If we look at the micro-scale and investigate two correlated events, it’s probably easy to spot that one comes before the other. There is a sequence: A comes before B. On the other end, if we look at the macro-scale investigating hundreds or thousands of events, the sequence is not a sequence anymore. It becomes chaos. And chaos always increases, as entropy does.

That’s not helpful, though. I know. Even if we accept that order is not predictable or stable over time, we need to find a way to deal with it when designing systems.

The solution always starts with analyzing the problem and identifying smaller sub-problems that can be handled in isolation and are likely easier to solve.

Let’s start analyzing why ordering is unlikely to be possible. Ordering is a consumer concern. The only option for a process that consumes incoming requests to guarantee that processing happens in the exact order requests are queued is to be single-threaded or use a single-signaled semaphore, which results in behavior similar to being single-threaded. The scenario is the same regardless of they are HTTP requests, gRPC, or messages on a queue. Let’s imagine a publisher publishing three messages, A, B, and C.

graph LR S[[Sender]] --> A A --> B B --> C

We’re assuming that messages will be delivered to the underlying transport in the same order the publisher intended. At this point, I might already have doubts about the feasibility. Let’s assume that it’s incredibly likely that the publishing order is guaranteed. We expect the following to happen:

graph LR C --> B B --> A A --> R[[Receiver]]

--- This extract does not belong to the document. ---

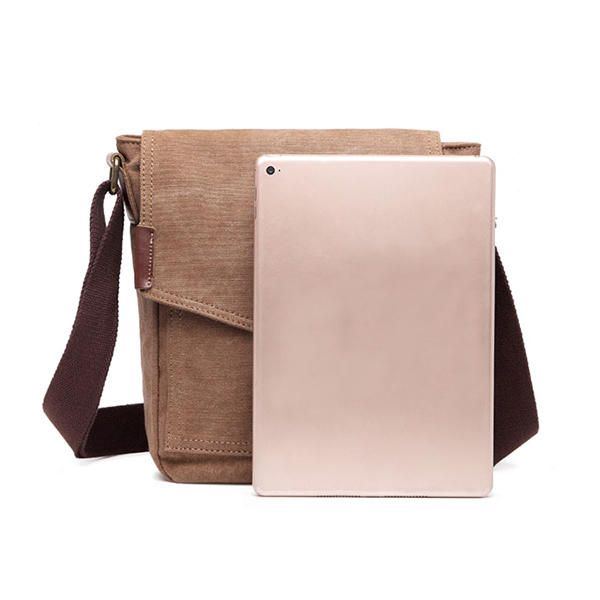 Canvas Freizeit Umhängetasche Messenger Bag Für Herren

In the above scenario, if the receiver is a web server and A, B, and C are HTTP requests, it’s pretty apparent why the only way to guarantee the order is to be a single-threaded singleton consumer:

graph LR subgraph requests C B --> A end subgraph Receiver instances A --> R1[[Receiver:1]] R2[[Receiver:2]] C --> R3[[Receiver:3]] end

As we can see, each instance can consume one or more requests. Each instance handles a subset of the requests. From the perspective of the system, the order is not predictable.

Things get even trickier if the transport is a queuing system. Nowadays, most of the available queuing infrastructures offer “at-least-once” delivery guarantees. What does that mean? It means that the infrastructure guarantees that messages are delivered at least once, but it could be that some messages are delivered twice or more. That means the following scenario is possible:

graph LR B1[duplicate of B] --> A1[duplicate of A] A1 --> C0[C] C0 --> B0[B] B0 --> A0[A]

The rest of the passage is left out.